August 30, 2011|By Jeannine Stein
  • Text messages tailored for teens may help them lose weight
Text messages tailored for teens may help them lose weight (Tom Fox / MCT )

Teens love text messages--and those texts may help them lose weight, if they're done right. A study tested out various types of weight management-themed text messages on overweight teens to see what they liked, finding that they favored positive messages but disliked thoughtful questions.

Overweight and obese teens can be a tough crowd when it comes to weight-loss interventions--many have a tough time adopting more healthful diet and exercise routines.
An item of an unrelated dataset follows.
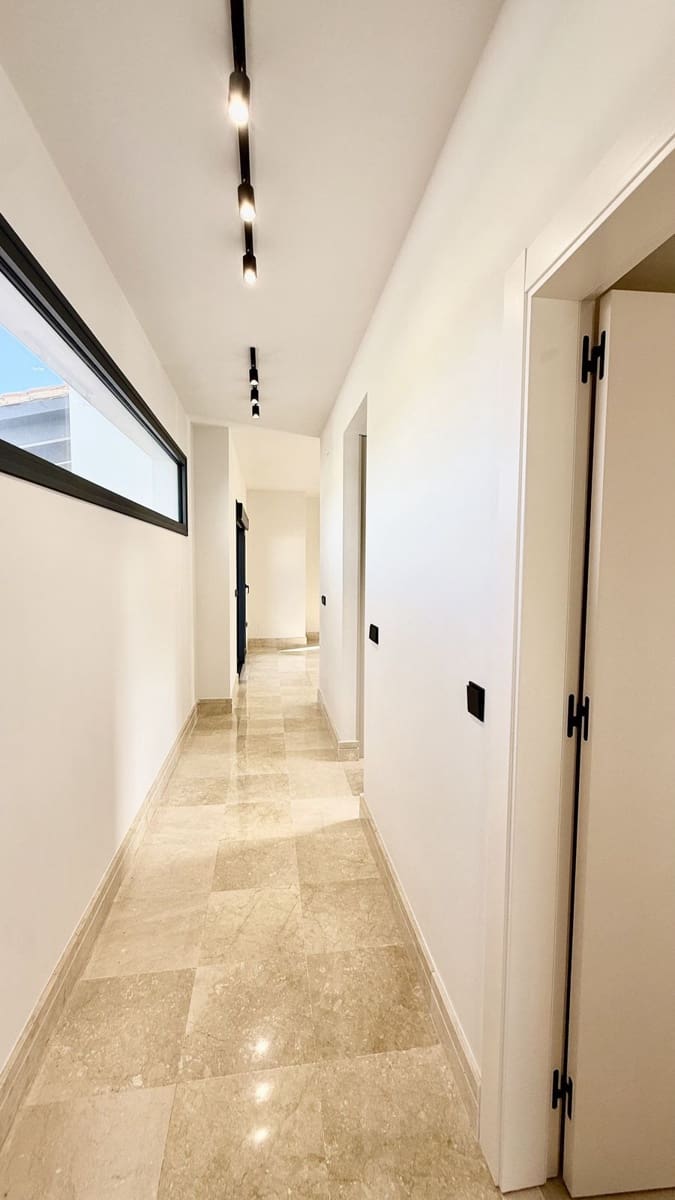 5 quarto Moradia para venda em Nueva Andalucia - 2 200 000 € (Ref: 9677159)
Researchers from the University of Michigan thought tailored text messages might be a good way to help teens adopt lifestyle changes, since texts have been successful in helping others drop bad habits. The study appeared online recently in the journal Obesity.
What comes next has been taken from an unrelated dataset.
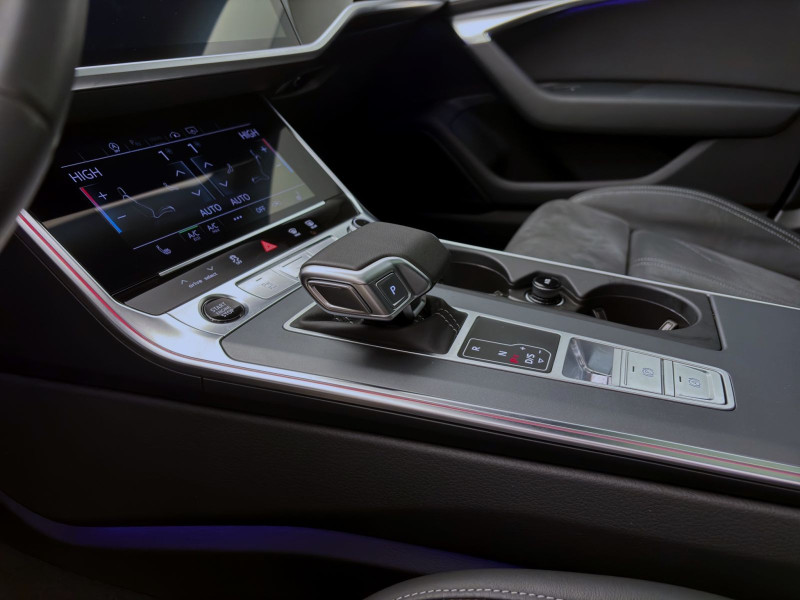 Bild 13: Audi A6 Avant 45 TDI Q S LINE PANO AHK MATRIX NAVI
To determine what kinds of text messages would be most effective the researchers set up four focus groups comprised of 24 male and female teens who were part of a weight management program. Six different message types were tested: testimonials, meal and recipe ideas, targeted tips, reflective questions, feedback questions and tailored messages.

Overall, the teens were excited about the text messages, but not everything passed muster. They liked messages that told them what to do, such as recipes and testimonials about weight-loss strategies--those the teens found encouraging, but only when they came from another teen.

Participants also liked positive, uplifting messages. Exclamations and emoticons were OK--especially for congratulating weight loss--but colloquialisms typically used by teens weren't. "LOL," for example, was not well received.

They also didn't like mentions of unhealthful behaviors and foods, even if they were accompanied by references to healthier options. Mentioning unhealthful foods, for example, might trigger them to crave those items.

They weren't crazy about reflective questions, especially when there were several in a row, such as, "What does being healthy mean for you? How does screen time fit in with your goals? How could cutting back on it help improve your health?" Teens thought there were too many and weren't sure which to answer first. In discussions the teens said they wanted to be told what to do, instead of having to come up with their own weight-loss strategies.

That surprised the study authors, who noted that some studies find that people tend to stick with behavior changes if they've generated them more than if they come from other sources. But, they added, the delivery method may be to blame--a string of thoughtful questions may be too much to handle with a 140-character text messaging system.

The next step, said the authors, is to test the texts out on teens to see if they actually have any effect on weight loss.